By Emma Weisberg
Something I just could not get over when reading “Unveiling Imperialism: Media, Gender, and the War on Afghanistan,” was the United States’ constant depiction of itself as a war hero and the resulting romanticism that diminishes the realities of violence and destruction during wartime. For instance, when discussing the US depiction of violence against women in Afghanistan, Stabile and Kumar mention the logic of the protection scenario, ‘established through three categories that stand in unstable conjunction with one another: the protected or victim (the person violated by the villain); the threat or villain (the person who attacks the victim); and the protector or hero (the person who protects or rescues the victim or promises such aid’ (770). To justify going to war with Afghanistan, the United States claimed that the Taliban was a villainous power structure oppressing women, the targeted victims of violence and denial of human rights. However, this claim is vastly simplifying the truth of the situation: Afghani women’s rights had been violated long before the Taliban went into power. However, while the United States had influence on the mujahideen leaders—who were in power before the Taliban—our nation decided to turn its head from the daily sufferings occurring in Afghanistan. To put it bluntly, the United States only decided to help these women when we could profit from it. I found these facts to be incredibly sickening, and it has made me look at our government and military in a completely different light.

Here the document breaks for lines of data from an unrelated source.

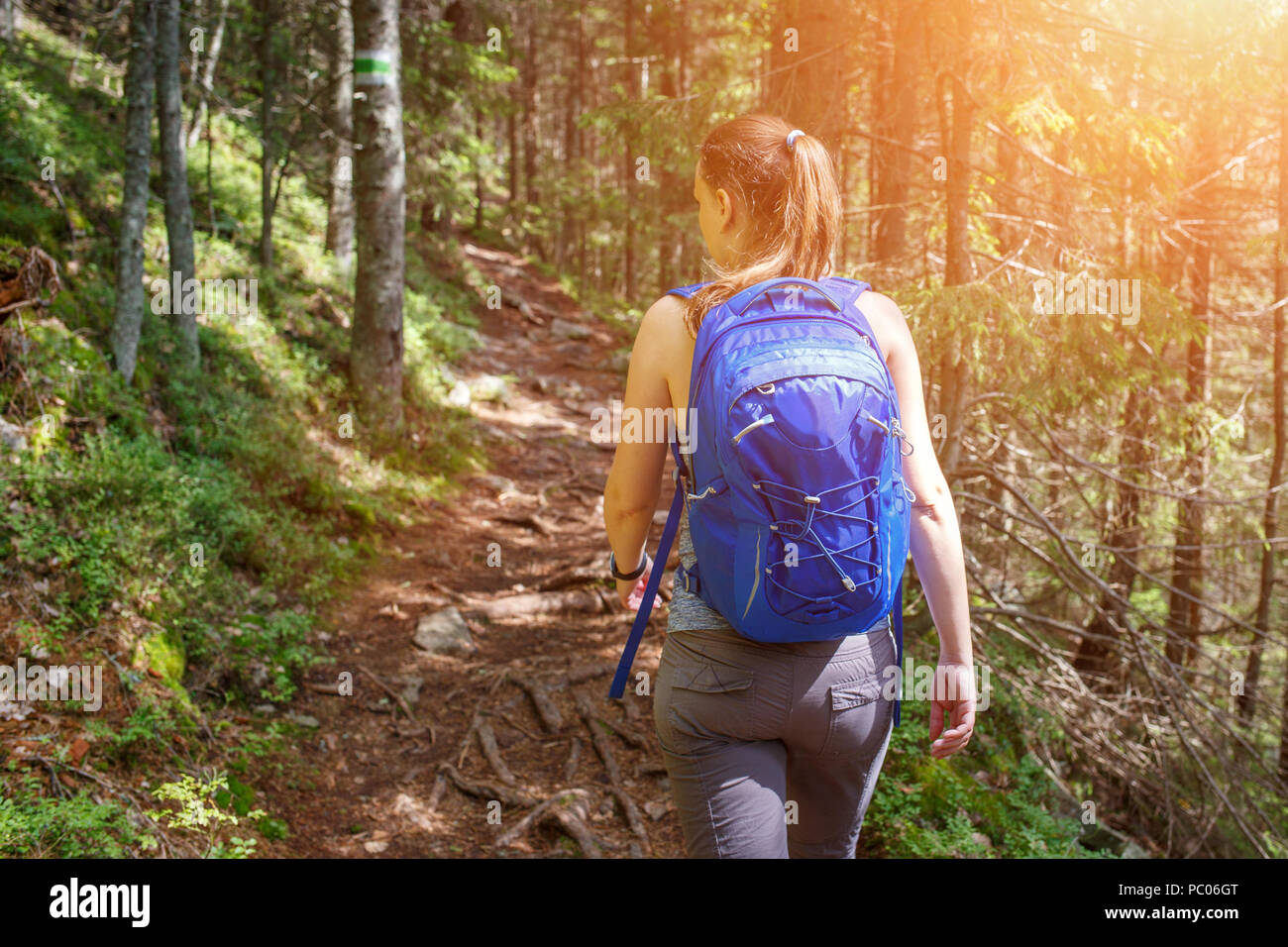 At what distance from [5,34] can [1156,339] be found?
16.0 meters

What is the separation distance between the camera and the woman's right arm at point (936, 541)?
2.01 metres

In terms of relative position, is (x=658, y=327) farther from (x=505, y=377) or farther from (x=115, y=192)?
(x=505, y=377)

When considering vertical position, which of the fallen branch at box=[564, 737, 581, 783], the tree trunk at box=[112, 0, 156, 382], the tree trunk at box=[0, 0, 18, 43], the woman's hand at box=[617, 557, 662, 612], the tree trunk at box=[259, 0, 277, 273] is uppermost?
the tree trunk at box=[0, 0, 18, 43]

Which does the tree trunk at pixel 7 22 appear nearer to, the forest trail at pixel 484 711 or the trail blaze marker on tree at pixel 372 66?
the trail blaze marker on tree at pixel 372 66

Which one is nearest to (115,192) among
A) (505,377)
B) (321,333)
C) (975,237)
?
(321,333)

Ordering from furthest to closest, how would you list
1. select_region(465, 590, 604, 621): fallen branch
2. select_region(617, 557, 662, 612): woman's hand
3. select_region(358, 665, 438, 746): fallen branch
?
select_region(465, 590, 604, 621): fallen branch < select_region(358, 665, 438, 746): fallen branch < select_region(617, 557, 662, 612): woman's hand

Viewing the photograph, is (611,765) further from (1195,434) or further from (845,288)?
(1195,434)

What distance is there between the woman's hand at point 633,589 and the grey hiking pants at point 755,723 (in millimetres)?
355

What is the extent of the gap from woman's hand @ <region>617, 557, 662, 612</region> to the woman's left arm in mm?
194

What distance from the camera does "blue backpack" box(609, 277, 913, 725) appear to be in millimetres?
1751

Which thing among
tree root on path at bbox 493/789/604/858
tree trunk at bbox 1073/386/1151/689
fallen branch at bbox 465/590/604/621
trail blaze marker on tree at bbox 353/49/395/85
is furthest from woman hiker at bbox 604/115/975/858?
trail blaze marker on tree at bbox 353/49/395/85

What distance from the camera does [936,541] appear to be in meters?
2.02

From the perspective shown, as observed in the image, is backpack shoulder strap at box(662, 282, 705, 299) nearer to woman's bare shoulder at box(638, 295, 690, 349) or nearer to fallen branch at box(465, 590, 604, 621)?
woman's bare shoulder at box(638, 295, 690, 349) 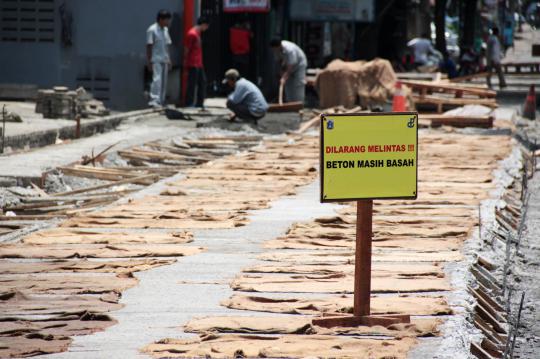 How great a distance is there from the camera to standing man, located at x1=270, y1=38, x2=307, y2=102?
89.7 feet

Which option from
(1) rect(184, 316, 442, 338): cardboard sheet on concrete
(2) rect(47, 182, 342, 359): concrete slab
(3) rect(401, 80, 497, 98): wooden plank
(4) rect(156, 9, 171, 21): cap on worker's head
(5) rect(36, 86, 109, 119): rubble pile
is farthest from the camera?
(3) rect(401, 80, 497, 98): wooden plank

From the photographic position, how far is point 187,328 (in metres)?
7.74

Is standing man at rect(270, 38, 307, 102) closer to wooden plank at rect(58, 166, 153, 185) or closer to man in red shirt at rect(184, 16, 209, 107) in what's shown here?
man in red shirt at rect(184, 16, 209, 107)

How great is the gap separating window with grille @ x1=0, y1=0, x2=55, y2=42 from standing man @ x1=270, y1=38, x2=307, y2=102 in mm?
4290

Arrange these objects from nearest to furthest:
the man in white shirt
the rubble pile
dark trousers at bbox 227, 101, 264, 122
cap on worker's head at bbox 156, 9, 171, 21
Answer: the rubble pile < dark trousers at bbox 227, 101, 264, 122 < cap on worker's head at bbox 156, 9, 171, 21 < the man in white shirt

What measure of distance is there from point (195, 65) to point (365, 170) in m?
18.8

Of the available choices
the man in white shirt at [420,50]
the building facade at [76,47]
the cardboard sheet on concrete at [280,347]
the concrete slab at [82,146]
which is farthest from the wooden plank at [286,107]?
the cardboard sheet on concrete at [280,347]

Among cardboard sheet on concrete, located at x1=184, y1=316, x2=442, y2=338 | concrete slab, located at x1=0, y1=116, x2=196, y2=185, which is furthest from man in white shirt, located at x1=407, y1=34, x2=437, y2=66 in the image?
cardboard sheet on concrete, located at x1=184, y1=316, x2=442, y2=338

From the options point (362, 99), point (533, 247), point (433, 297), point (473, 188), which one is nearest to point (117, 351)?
point (433, 297)

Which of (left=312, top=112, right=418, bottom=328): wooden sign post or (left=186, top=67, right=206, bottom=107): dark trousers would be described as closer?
(left=312, top=112, right=418, bottom=328): wooden sign post

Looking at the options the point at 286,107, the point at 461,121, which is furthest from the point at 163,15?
the point at 461,121

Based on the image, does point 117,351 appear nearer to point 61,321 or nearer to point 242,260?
point 61,321

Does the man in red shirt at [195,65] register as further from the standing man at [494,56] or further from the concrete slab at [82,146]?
the standing man at [494,56]

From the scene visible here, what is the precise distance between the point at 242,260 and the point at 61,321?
2556 mm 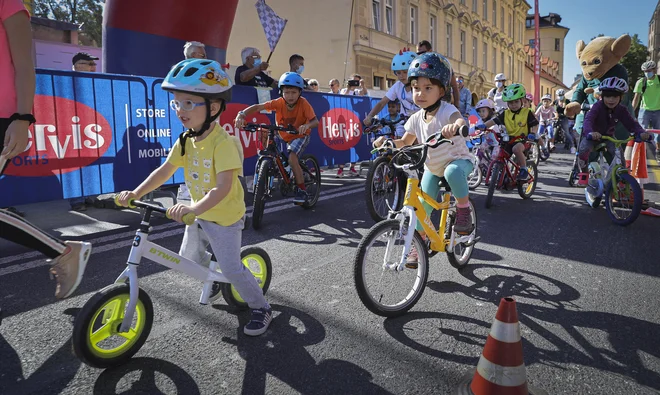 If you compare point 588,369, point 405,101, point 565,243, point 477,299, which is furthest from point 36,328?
point 405,101

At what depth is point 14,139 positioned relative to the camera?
9.34 ft

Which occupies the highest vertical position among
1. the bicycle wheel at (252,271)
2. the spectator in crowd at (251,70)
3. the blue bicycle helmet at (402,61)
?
the spectator in crowd at (251,70)

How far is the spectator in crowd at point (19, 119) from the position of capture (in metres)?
2.86

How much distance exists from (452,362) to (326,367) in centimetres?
70

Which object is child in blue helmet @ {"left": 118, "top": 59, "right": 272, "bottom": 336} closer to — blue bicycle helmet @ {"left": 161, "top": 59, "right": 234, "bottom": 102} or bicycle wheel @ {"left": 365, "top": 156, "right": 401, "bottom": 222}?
blue bicycle helmet @ {"left": 161, "top": 59, "right": 234, "bottom": 102}

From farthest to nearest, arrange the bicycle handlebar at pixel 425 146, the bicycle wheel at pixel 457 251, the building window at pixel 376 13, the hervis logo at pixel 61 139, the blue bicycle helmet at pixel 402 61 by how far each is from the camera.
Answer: the building window at pixel 376 13 < the blue bicycle helmet at pixel 402 61 < the hervis logo at pixel 61 139 < the bicycle wheel at pixel 457 251 < the bicycle handlebar at pixel 425 146

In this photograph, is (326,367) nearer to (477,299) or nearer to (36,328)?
Answer: (477,299)

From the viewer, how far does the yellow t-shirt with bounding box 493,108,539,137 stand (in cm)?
805

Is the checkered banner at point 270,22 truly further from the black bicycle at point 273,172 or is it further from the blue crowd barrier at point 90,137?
the black bicycle at point 273,172

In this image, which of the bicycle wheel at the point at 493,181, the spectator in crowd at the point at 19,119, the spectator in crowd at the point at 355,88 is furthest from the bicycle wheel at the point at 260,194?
the spectator in crowd at the point at 355,88

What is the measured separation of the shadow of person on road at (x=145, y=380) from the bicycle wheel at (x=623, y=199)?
18.4 ft

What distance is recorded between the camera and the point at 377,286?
10.9ft

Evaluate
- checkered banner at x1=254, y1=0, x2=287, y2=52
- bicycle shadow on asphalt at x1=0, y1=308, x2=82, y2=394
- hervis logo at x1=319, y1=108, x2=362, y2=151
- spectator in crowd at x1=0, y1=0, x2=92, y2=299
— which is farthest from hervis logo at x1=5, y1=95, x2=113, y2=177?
hervis logo at x1=319, y1=108, x2=362, y2=151

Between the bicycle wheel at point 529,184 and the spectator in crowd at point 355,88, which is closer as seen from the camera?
the bicycle wheel at point 529,184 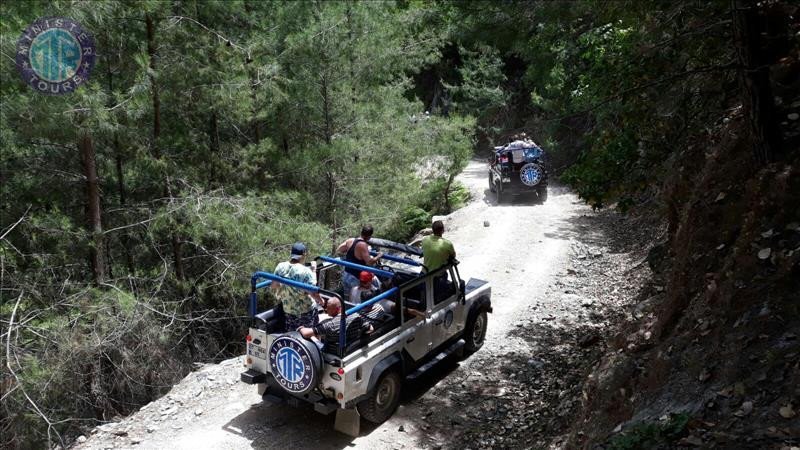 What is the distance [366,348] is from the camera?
7.23m

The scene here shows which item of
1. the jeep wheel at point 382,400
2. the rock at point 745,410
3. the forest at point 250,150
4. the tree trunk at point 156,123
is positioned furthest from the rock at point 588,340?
the tree trunk at point 156,123

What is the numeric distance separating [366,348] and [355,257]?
1648mm

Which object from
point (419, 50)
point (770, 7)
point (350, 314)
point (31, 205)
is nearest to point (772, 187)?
point (770, 7)

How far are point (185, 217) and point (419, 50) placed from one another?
909 centimetres

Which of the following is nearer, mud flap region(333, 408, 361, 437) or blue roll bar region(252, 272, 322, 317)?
blue roll bar region(252, 272, 322, 317)

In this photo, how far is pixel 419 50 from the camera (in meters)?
17.8

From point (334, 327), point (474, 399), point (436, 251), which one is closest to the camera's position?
point (334, 327)

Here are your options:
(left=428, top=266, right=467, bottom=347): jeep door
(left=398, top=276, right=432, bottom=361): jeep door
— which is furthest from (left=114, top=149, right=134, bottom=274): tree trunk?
(left=428, top=266, right=467, bottom=347): jeep door

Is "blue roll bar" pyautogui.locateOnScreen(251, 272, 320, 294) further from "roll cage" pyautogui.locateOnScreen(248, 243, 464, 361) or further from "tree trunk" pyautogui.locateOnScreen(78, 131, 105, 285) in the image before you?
"tree trunk" pyautogui.locateOnScreen(78, 131, 105, 285)

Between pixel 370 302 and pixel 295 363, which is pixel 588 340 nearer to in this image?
pixel 370 302

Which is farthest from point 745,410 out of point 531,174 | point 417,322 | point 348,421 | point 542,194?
point 542,194

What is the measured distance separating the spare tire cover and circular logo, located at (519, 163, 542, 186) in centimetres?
1320

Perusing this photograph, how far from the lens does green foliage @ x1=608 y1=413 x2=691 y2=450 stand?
462 centimetres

Not only does the United States romanticize war, but we also “otherize” our opponents through the Orientalist approach. This theory allows the western world to isolate ourselves from issues going on in places such as Afghanistan, while in reality we are dealing with many of the same issues in our own country. For instance, there is an “absence of coverage of issues involving women and violence in the US media in general” (777). However, when violence against women is covered on television or in the newspaper, rarely are the lethal consequences such as death revealed. In “Death by Culture,” Narayan believes this issue of invisibility of gender based violence caused death is a result of “lacking a term that ‘specifically picks them out’ from the general category of ‘domestic violence’” (95-96). This claim does make a lot of sense; if we do not have a term for an issue, how could we stand up against it? The more conversations we have with one another, the more we can understand and define our experiences and begin to raise awareness about issues such as gender-based violence.